* **Work to be completed**:
Please write out the whole listing that follows exactly; the pictures stay out.

_ _ _ _

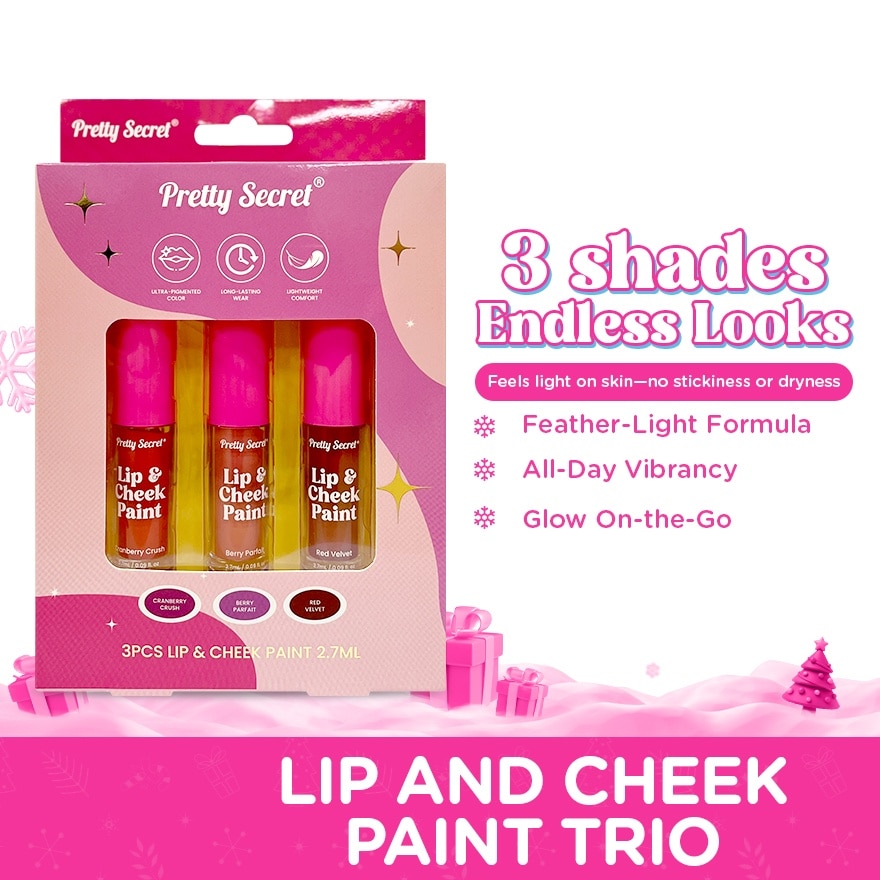 PRETTY SECRET Lip and Cheek Paint Trio Gift Set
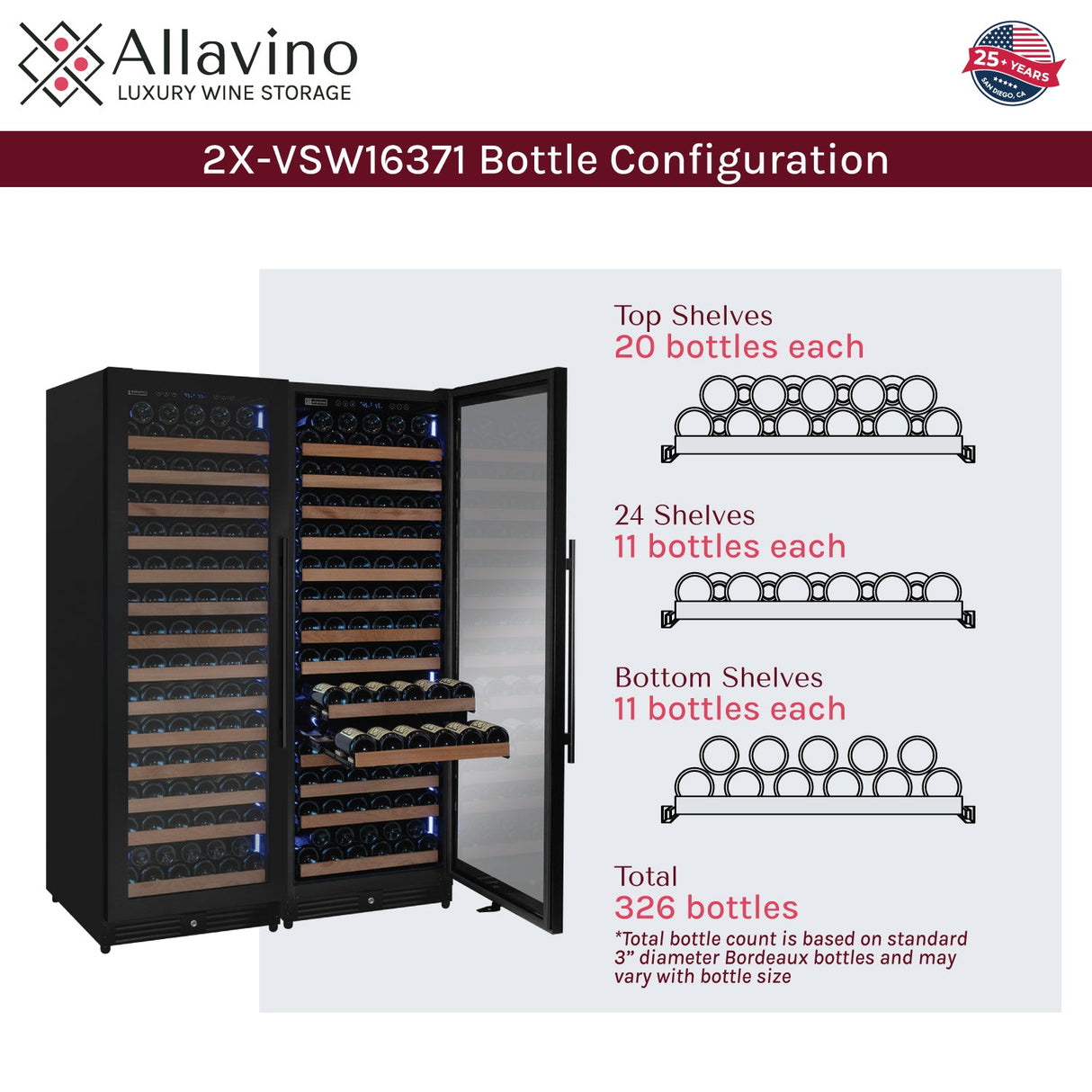 Allavino Reserva Series 326‑Bottle 71″ Tall Dual Zone Black Metal Side‑by‑Side Wine Refrigerator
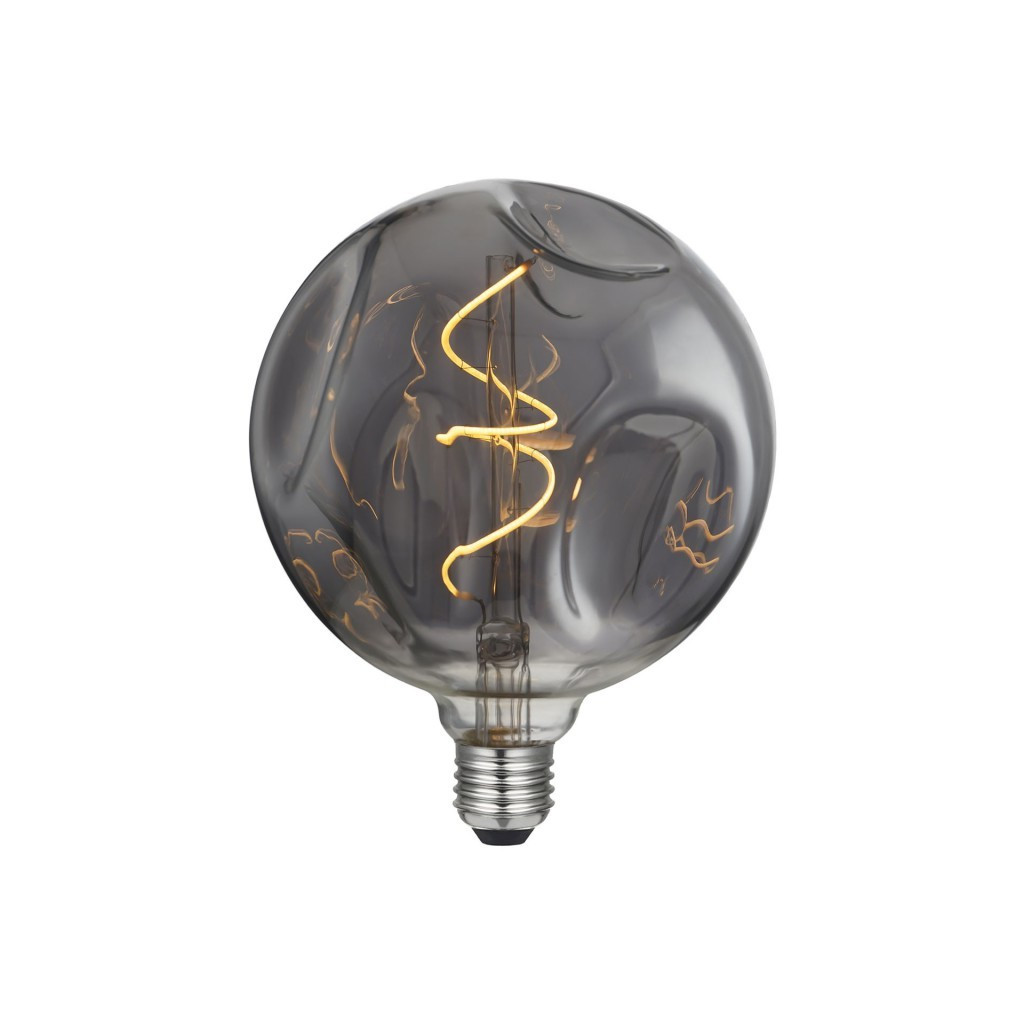 Lampadina Led Globo XXL G180 Bumped Smoky Filamento Spirale 5W E27 - 1800K Dimmerabile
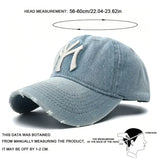 Unisex Letter Embroidery Washed Cowboy Baseball Caps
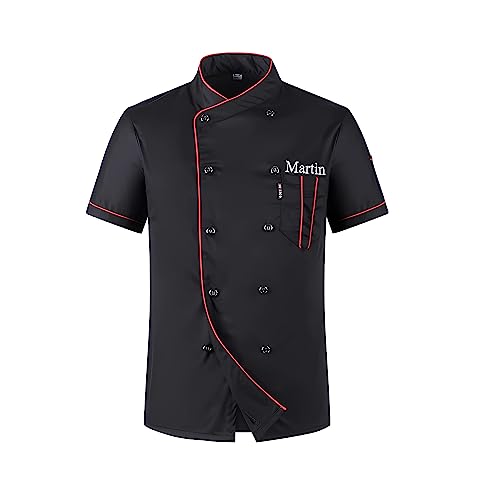 CSstone Kochjacke Kurzarm für Herren Frauen Chef Mantel Schwarz Weiß Chefuniform Arbeitshemden (M-4xl Größen) (white2, 4XL) von CSstone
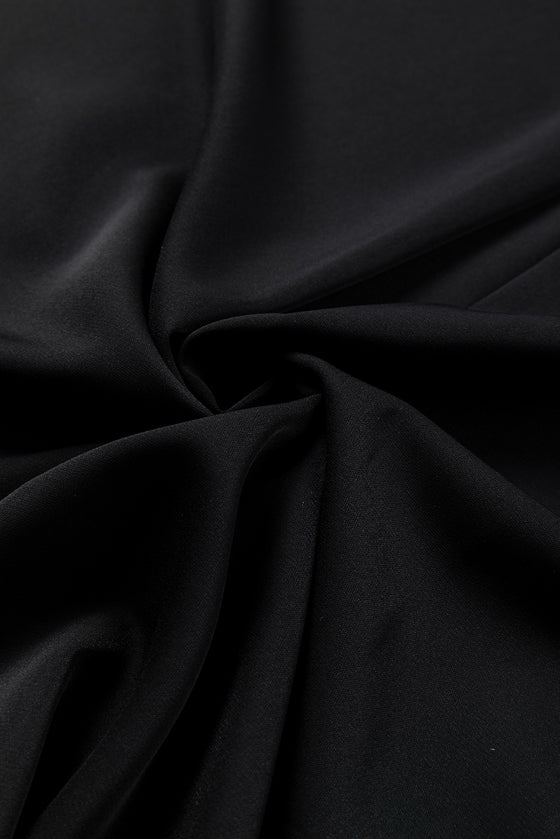 Notched Neck Ruffle Sleeve Blouse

_ _ _ _

* **Solution for this exercise**:
 PRETTY SECRET Lip and Cheek Paint Trio Gift Set
 Allavino Reserva Series 326‑Bottle 71″ Tall Dual Zone Black Metal Side‑by‑Side Wine Refrigerator
 Lampadina Led Globo XXL G180 Bumped Smoky Filamento Spirale 5W E27 - 1800K Dimmerabile
 Unisex Letter Embroidery Washed Cowboy Baseball Caps
 CSstone Kochjacke Kurzarm für Herren Frauen Chef Mantel Schwarz Weiß Chefuniform Arbeitshemden (M-4xl Größen) (white2, 4XL) von CSstone
 Notched Neck Ruffle Sleeve Blouse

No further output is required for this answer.